The safe removal of central nervous system tumors in or near eloquent tissue remains extremely challenging due to its complex anatomy. The injury of eloquent tissue can have serious consequences for both mental and physical health while an insufficiently resected tumor bears a high risk of tumor recurrence decreasing the patient’s life quality and quantity. The novel method, confocal laser endomicroscopy (CLE), promises safe tumor resection as it permits intraoperative histological imaging of tissues in real-time. Thus, aim of the current study was to evaluate CLE for a fast diagnosis of brain and spinal cord lesions in neurosurgery.
Methods: CLE was used for an ex vivo assessment of tumor samples from 258 diverse central nervous system lesions. Additionally, traditional histology was performed on the same examined tissue as the gold standard. Nonneoplastic brain tissue served as a control.
Results: The examination of brain and spinal biopsies using CLE allowed the identification of healthy tissue, primary brain and spinal tumors, metastases, abscesses and vascular malformations with a high accuracy of 88.64%. Confocal imaging provided precise cellular and sub-cellular details such as psammoma bodies in meningiomas, perivascular pseudorosettes in ependymomas, microvascular proliferation in glioblastomas and mitotic activity in highgrade tumors.

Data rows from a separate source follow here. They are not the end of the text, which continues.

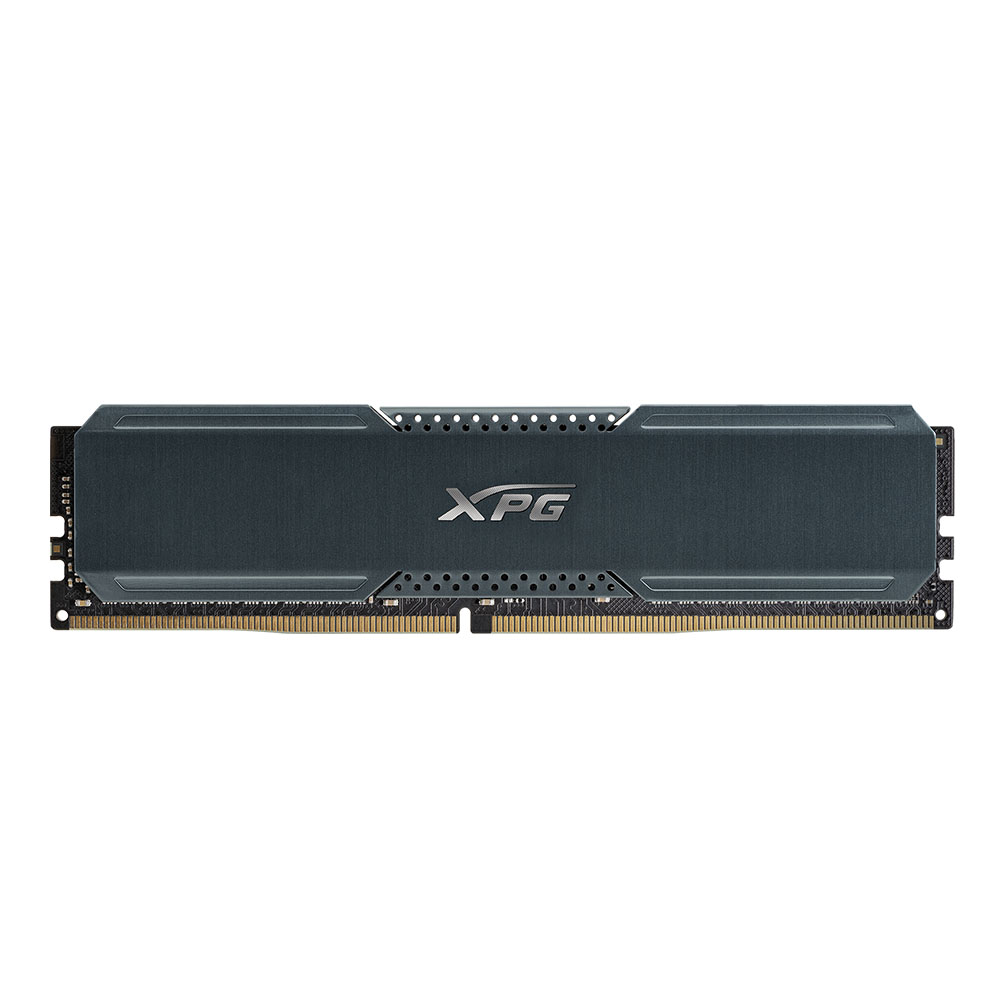 16GB (8GBx2) DDR4 3200MHz RAM (หน่วยความจำ) ADATA GAMMIX D20 (AX4U32008G16A DCTG20)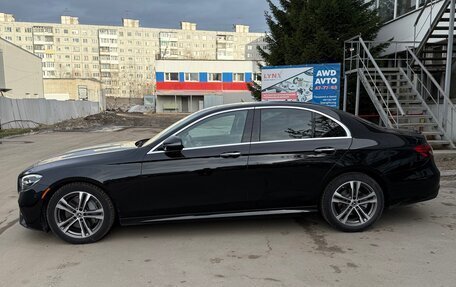 Mercedes-Benz E-Класс, 2020 год, 4 500 000 рублей, 5 фотография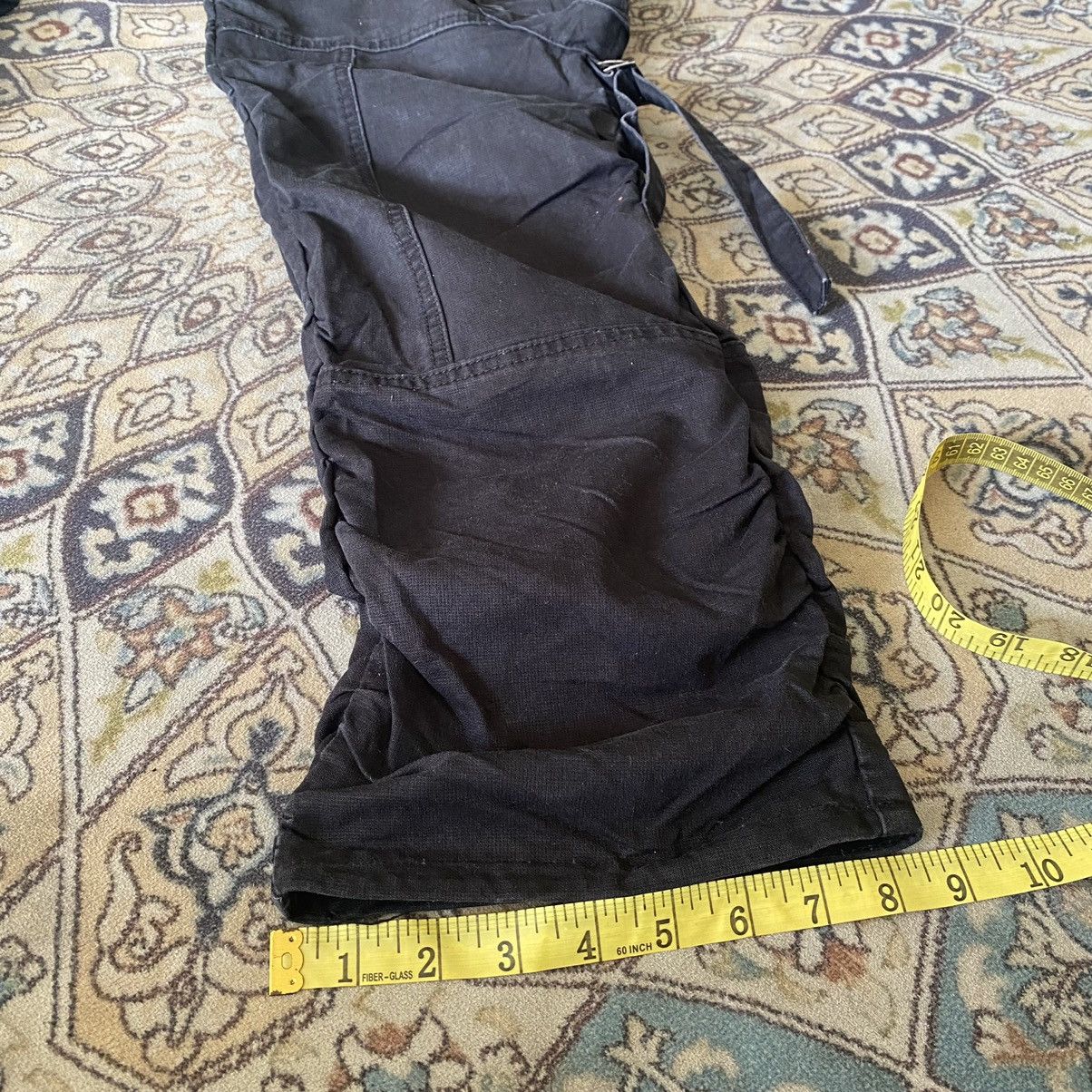 Japanese Brand Japanese Brand LOWBOX Cargo Pants 8 pocket Size US 30 / EU 46 - 23 Thumbnail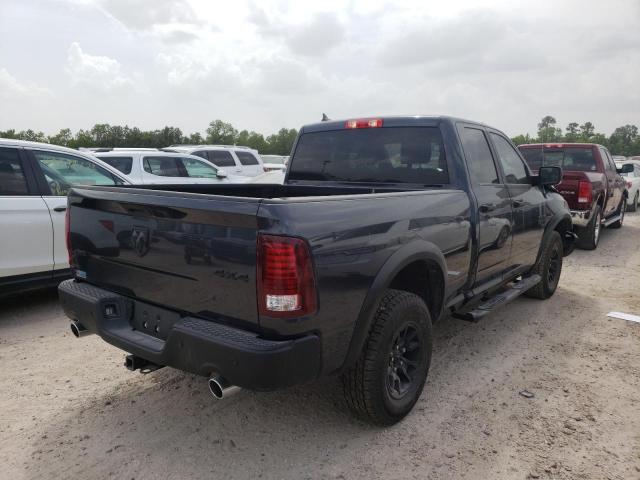Photo 4 from auction – 2021 RAM 1500 CLASS with VIN 1C6RR7GT7MS571878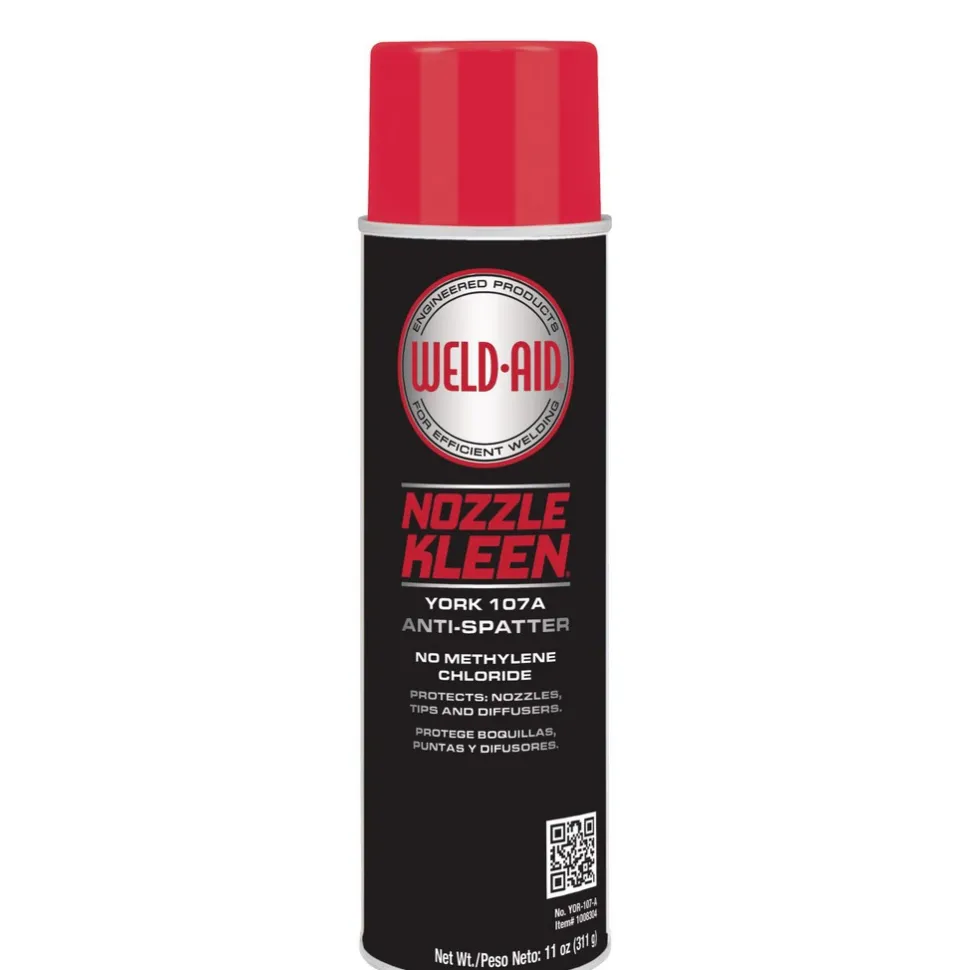 Nozzle-Kleen York, 107A, 11oz
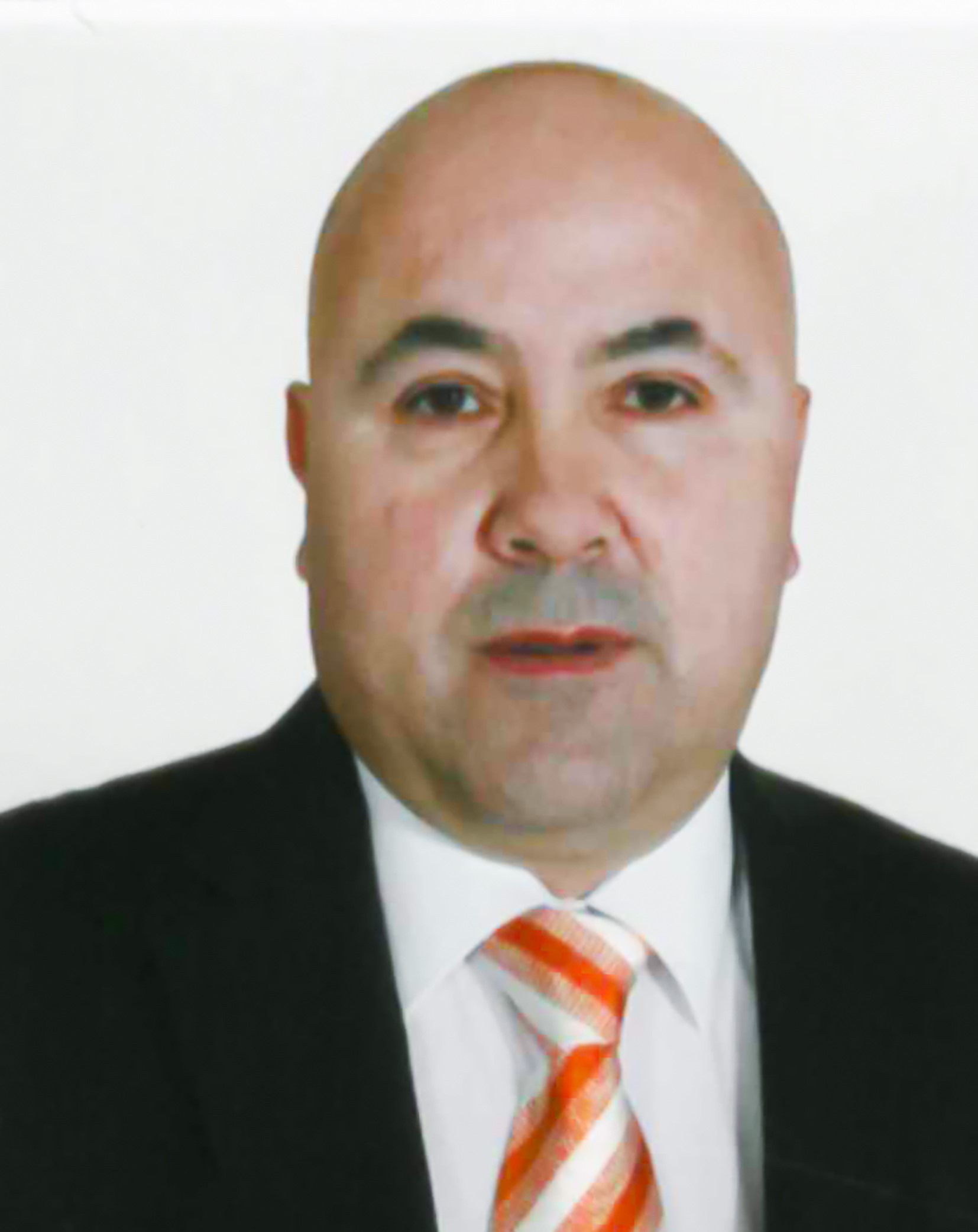 António José Pinheiro dos Santos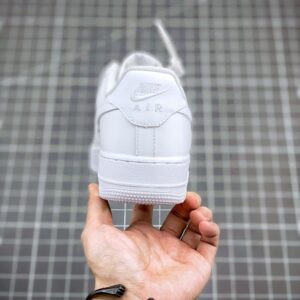 Air Force 1 Low Air Force Classic Pure White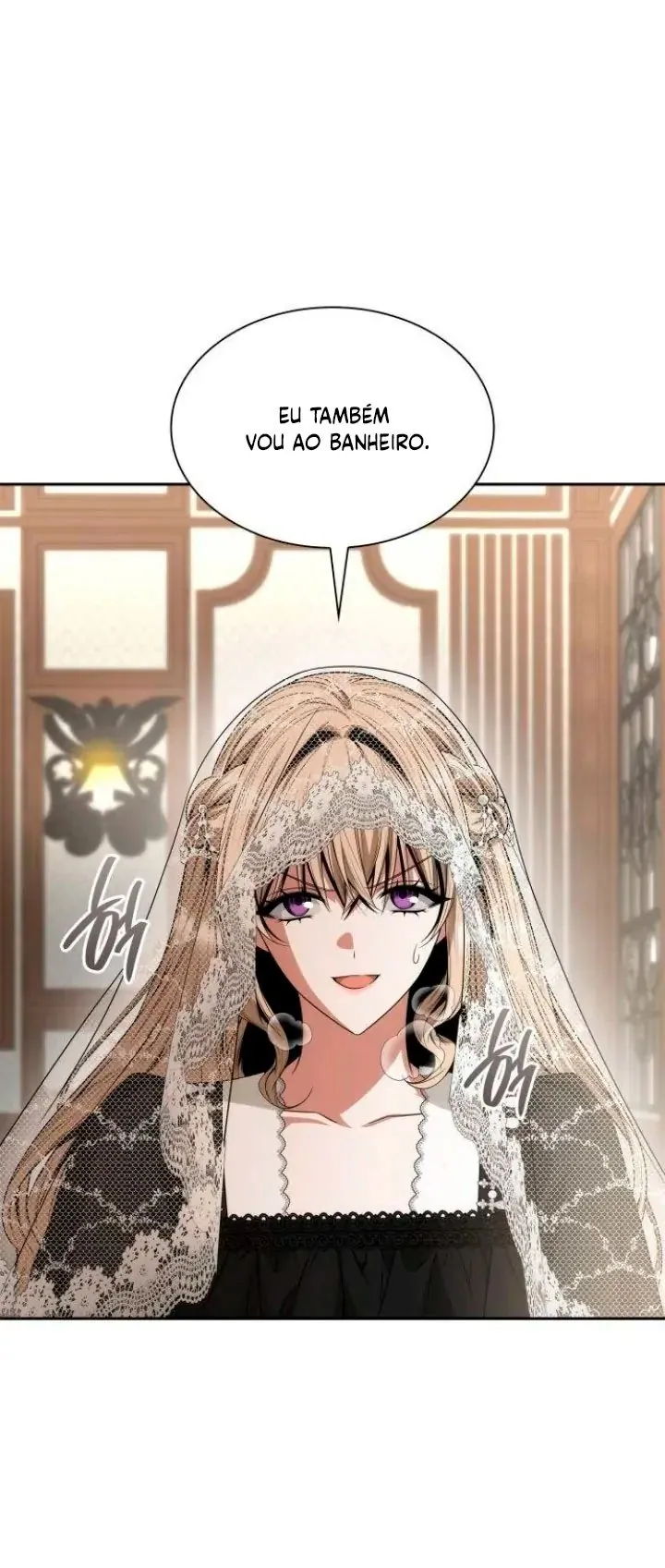 Read Nesta Vida eu serei a Rainha PT Manga Online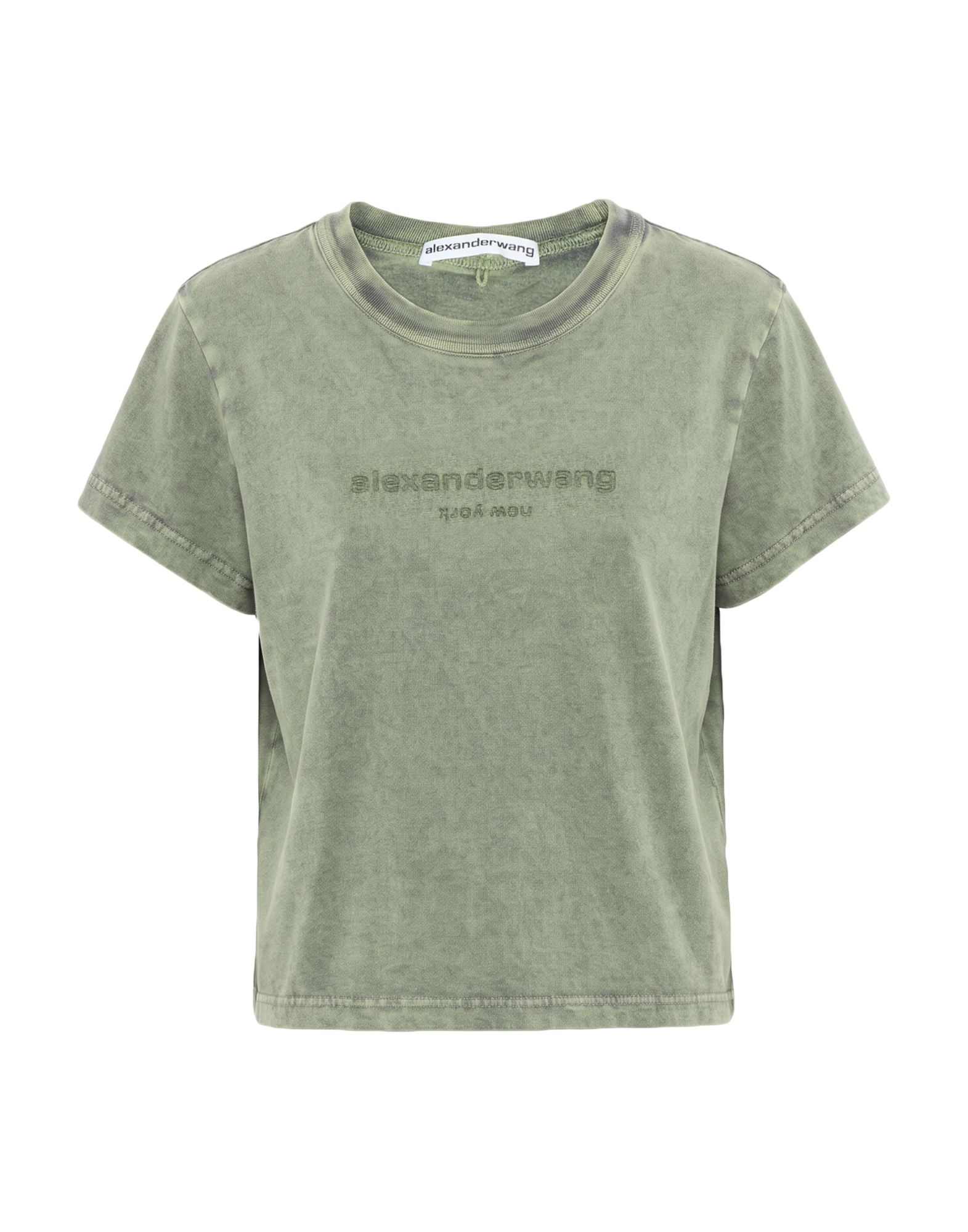 ALEXANDER WANG ALEXANDER WANG ΜΠΛΟΥΖΑΚΙΑ T-shirt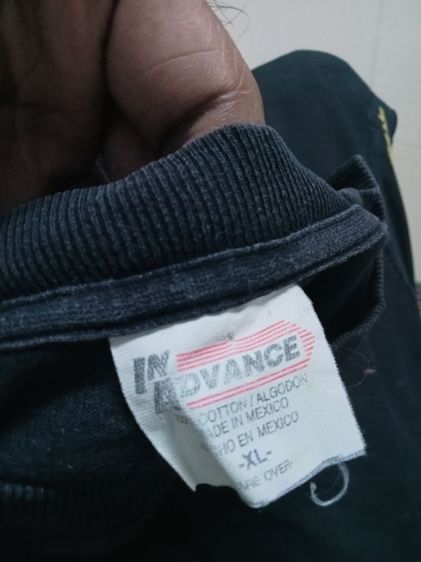 เสื้อวินเทจ รูปที่ 2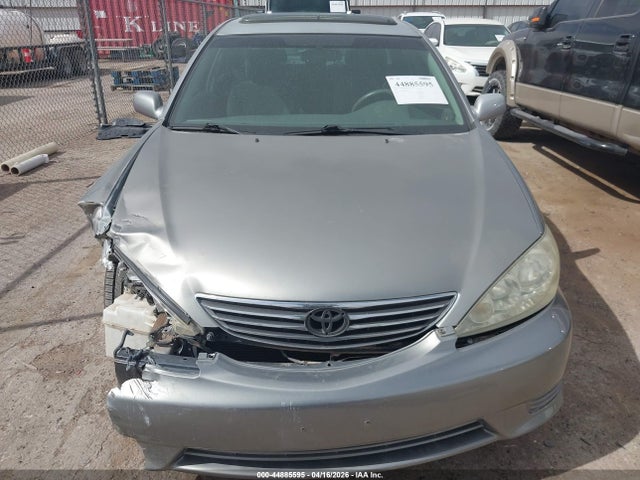 2006 Toyota Camry Le მანქანა იყიდება აუქციონზე, vin: 4T1BE32K16U690560, აუქციონის ნომერი: 44885595
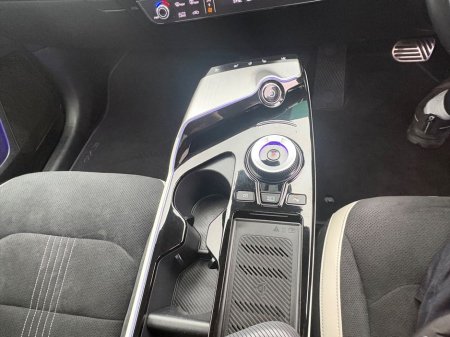 2022 Kia EV6 - thumbnail 17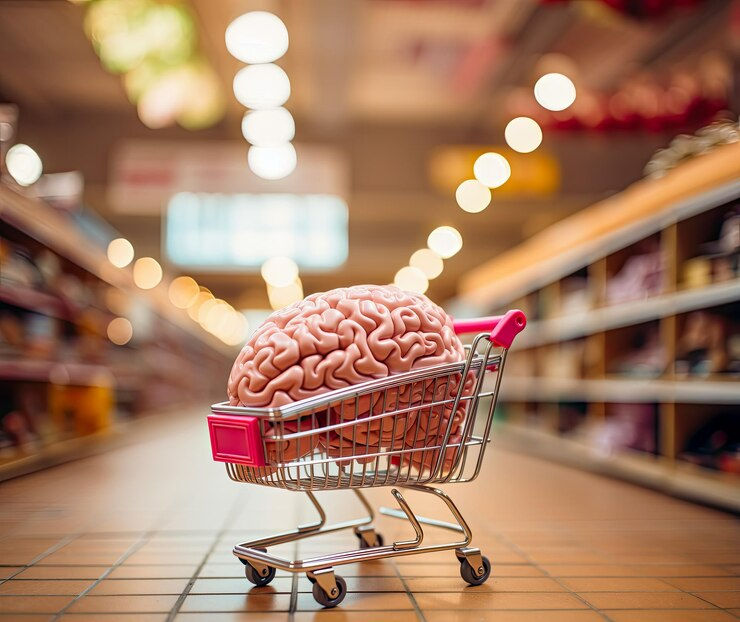 Brain Games & Big Profits: How Marketers Hack Your Mind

Conclusion: CLE is a promising method for distinguishing tumor from the surrounding healthy tissue, as well as for the immediate diagnosis of biopsies. Our studies have the potential to establish a faster preliminary diagnosis in an ongoing surgery as compared to current available methods. Moreover, the presented characteristic cellular and subcellular confocal features of examined tumors and non-neoplastic tissues could be used to guide future tumor surgeries to enable a more precise and safe resection.